ID:22831
『日々の映像』
by 石田ふたみ
[257946hit]
■ 基礎年金は税方式以外にない
政府の試算では、65歳以上の全員に月6万6000円の年金を支給すると、年間約22兆3000億円かかる。2008年度予算案の基礎年金の税負担は7兆5000億円で、不足分を消費税で賄うとすれば、6%程度も引き上げなければならない。
自民党議連の案も、消費税率を現行の5%から12%へ引き上げる方針を打ち出したが、大幅増税は国民生活への影響が大きい。一方、民主党案は増税しない代わりに所得制限を設けたが、最低保障年金をもらえない人が出てくる。
税方式を導入する場合には制度の移行時に、これまでまじめに保険料を納めた人と、未納の人の公平性をどう確保するかという難題も解決しなければならない。
ーーーーーーーーーーーーーーーーーーーーー
全額税か保険料か…基礎年金改革 政治課題に
2008年3月5日 読売新聞
福田首相が設置した社会保障国民会議は4日、雇用・年金問題を話し合う「所得確保・保障分科会」の初会合を開き、公的年金の基本となる基礎年金(国民年金)改革の議論がスタートした。焦点は、現行の「社会保険方式」か、全額を消費税などでまかなう「全額税方式」かの選択だ。政府・与党は、公式には社会保険方式の堅持で一致しているが、自民党内からも公然と全額税方式を求める声が出ており、基礎年金改革が政治課題となりそうだ。(政治部 湯本浩司、社会保障部 石崎浩)
迫る期限
「全額税方式化を含めた議論をすべきだ」
分科会の初会合で、日本経団連の岡本康男委員が基礎年金改革論議の口火を切ると、委員の一人、塩川正十郎東洋大総長(元財務相)は、全額税方式を基本とした独自の年金改革案を提示した。複数の委員から、現行の年金制度は「わかりにくい」など、不満の声も上がった。

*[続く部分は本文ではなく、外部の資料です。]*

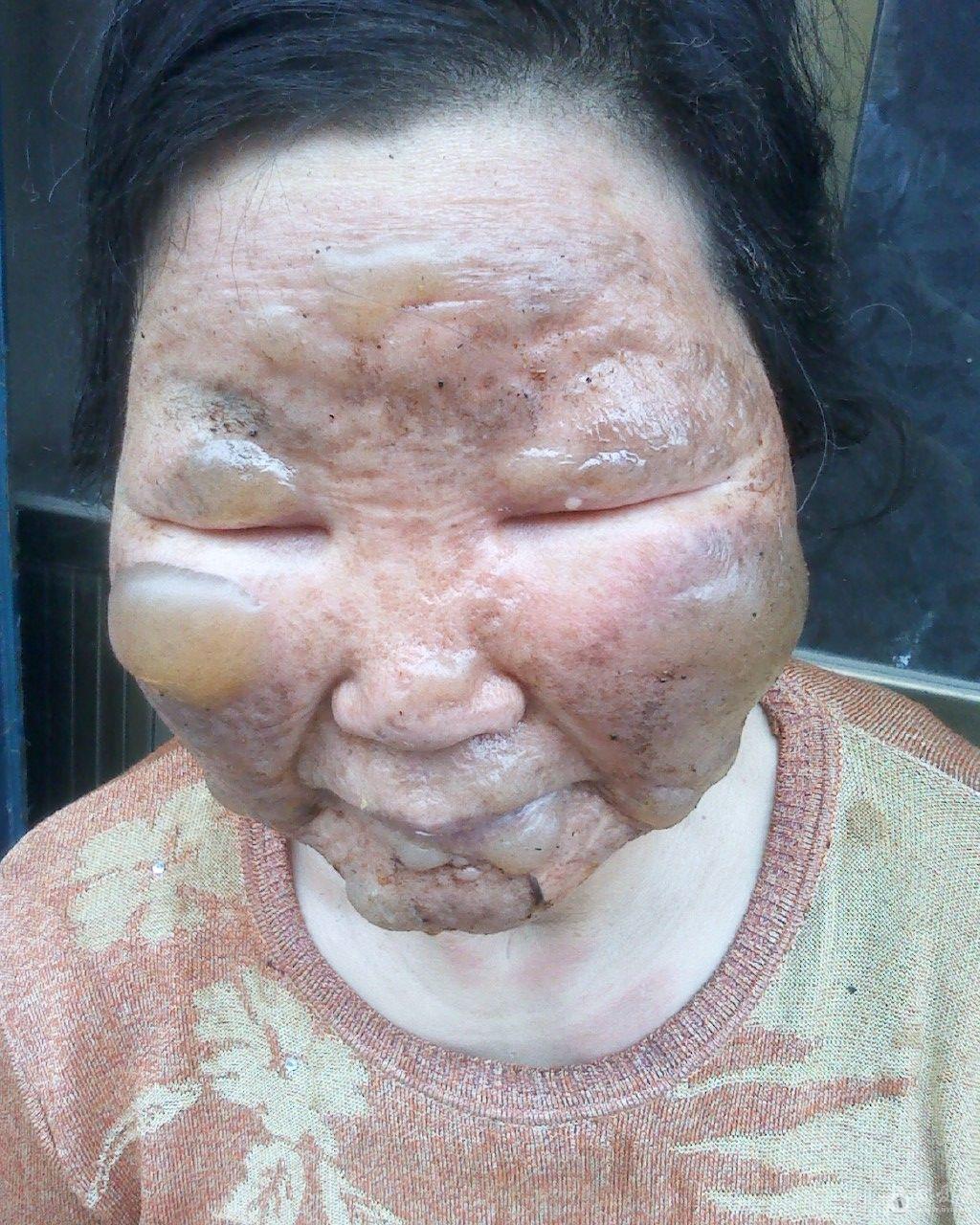 同样度数的烧伤,面部烧伤最易愈合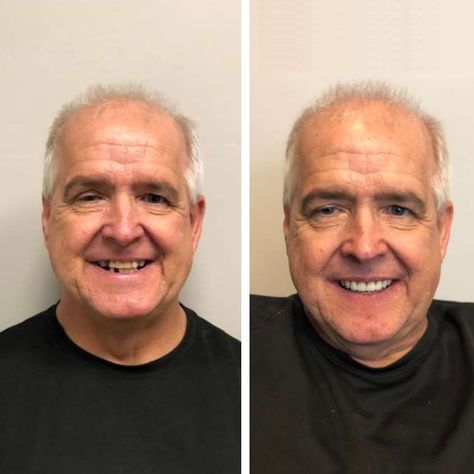 Dental implant before and after - Spring Dental Practice in Hull 2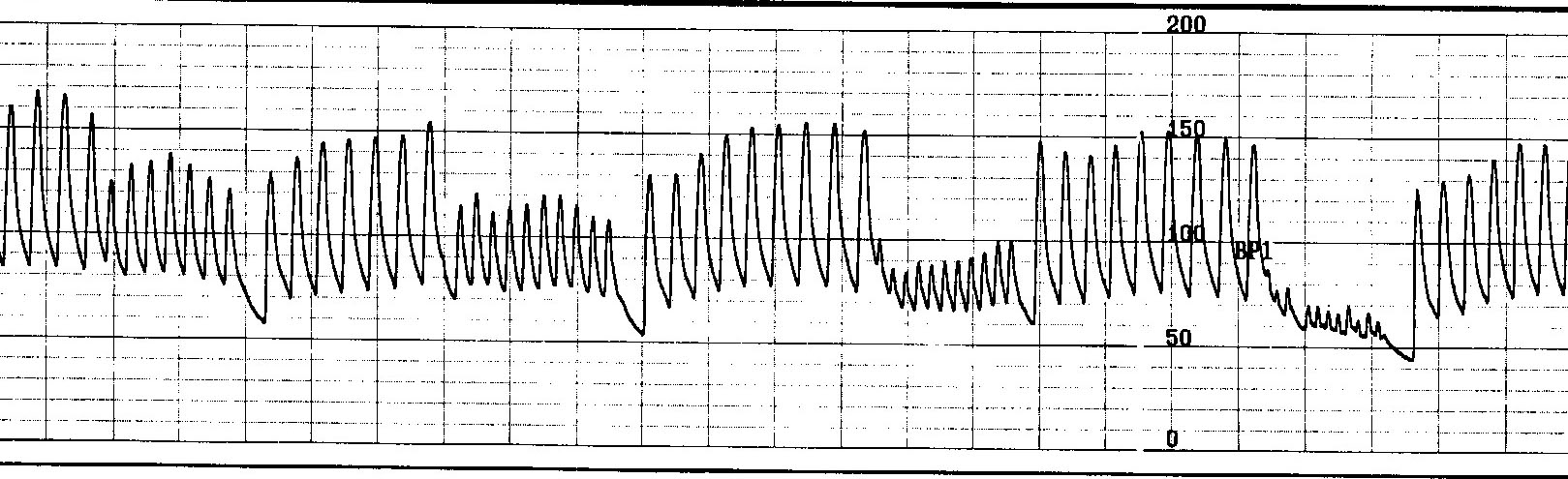 Effect of a sudden heart rate increase on blood pressure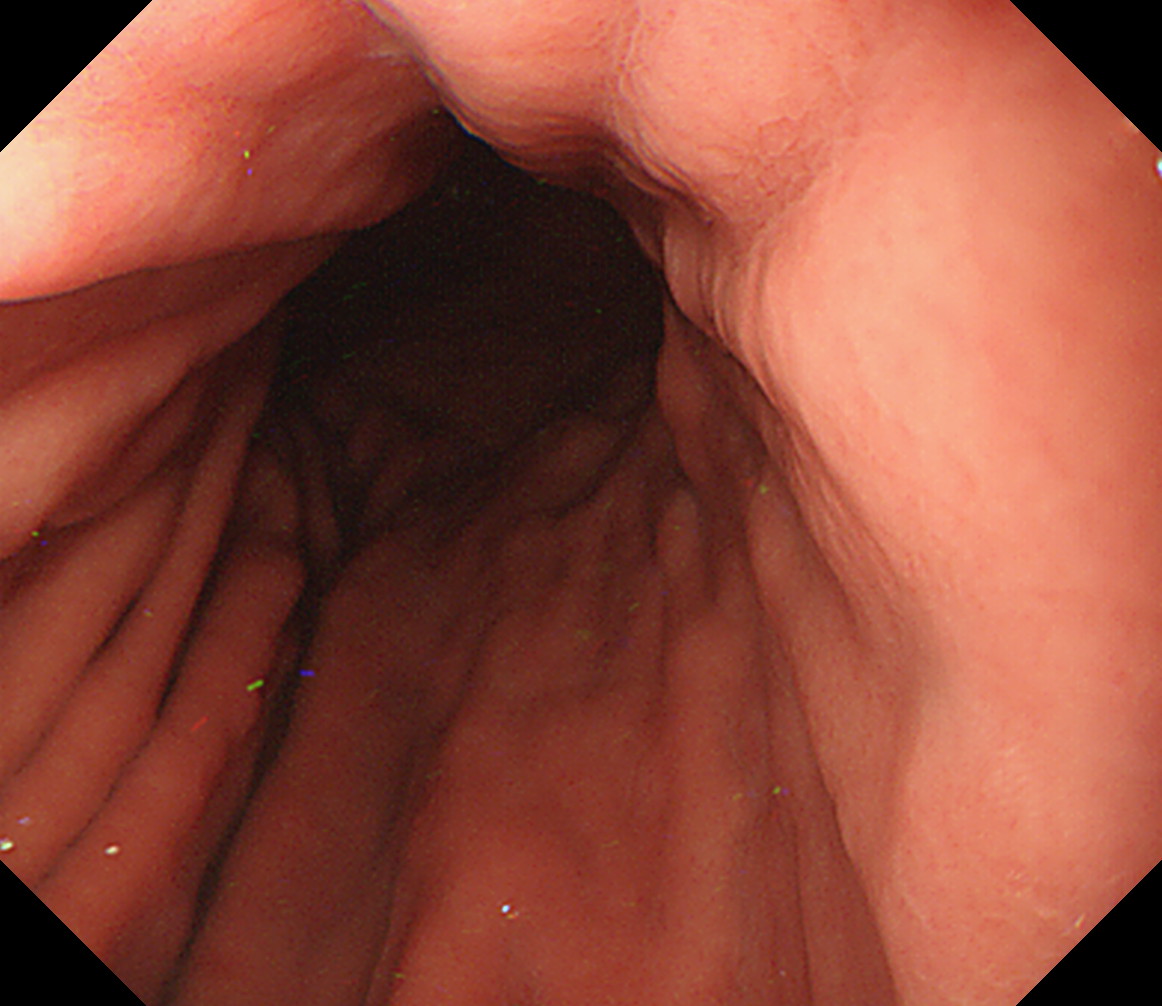 �̉������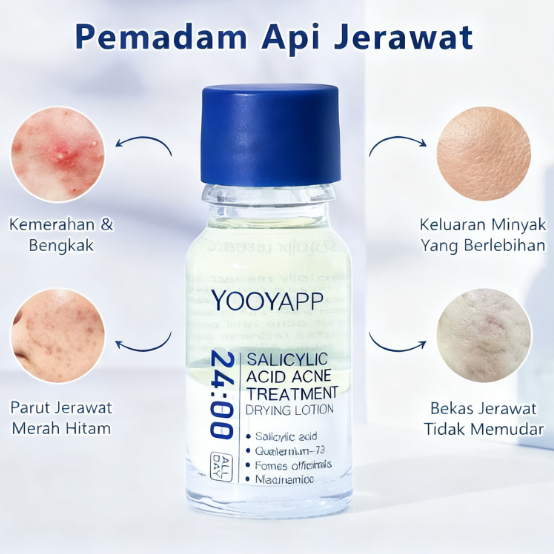 Acne Treatment Drying Lotion | Inflammation Relief, Post-Blemish Care & Oil Control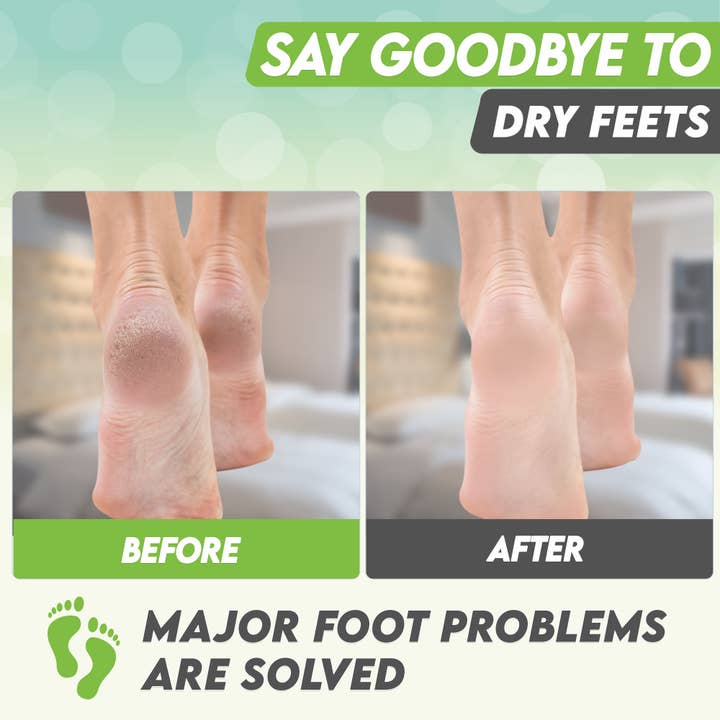 Karma Organic spa – wholesale Fotmask – Foot Peel Mask 2 Pack —Grönt te Fotmask skal 100% ekologisk4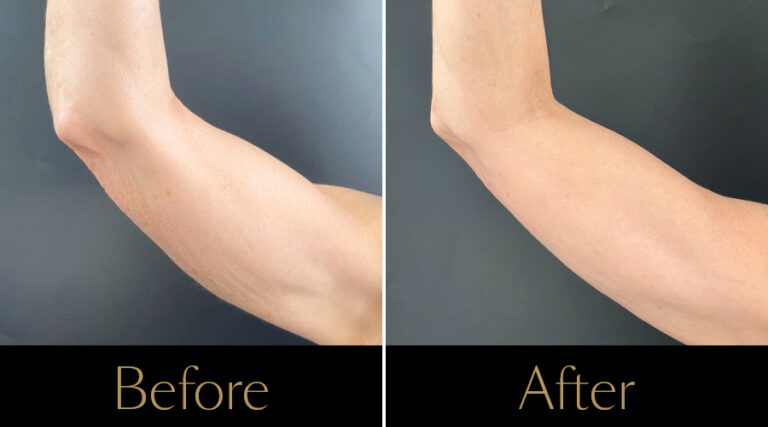 rakus-sofwave-gallery2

基礎年金改革の議論が高まっているのは、基礎年金の国庫負担を現行の3分の1強から2分の1に引き上げる期限が2009年度に迫ったためだ。国庫負担引き上げは基礎年金を保険料と税で運営する現行の社会保険方式を維持しつつ、制度を持続可能なものにする改革だ。引き上げに必要な財源約2兆3000億円の確保のため、年末には消費税率の引き上げを含めた税制改正議論が不可避となっている。
だが、保険料の未納問題や年金記録問題による年金不信が解消されない中で、「国庫負担引き上げだけで信頼が回復するのか」という疑念が、保険料を廃止して、税だけでまかなう全額税方式という抜本改革を求める声につながっている。
議論の行方
16人の分科会委員には、日本経団連の岡本委員のほか、連合の古賀伸明事務局長ら、明確に全額税方式を主張している団体の有識者が少なくない。「政府の公式の会議で、現行制度を否定する議論が行われることは異例」と言われるのも、こうした要素が作用している側面がある。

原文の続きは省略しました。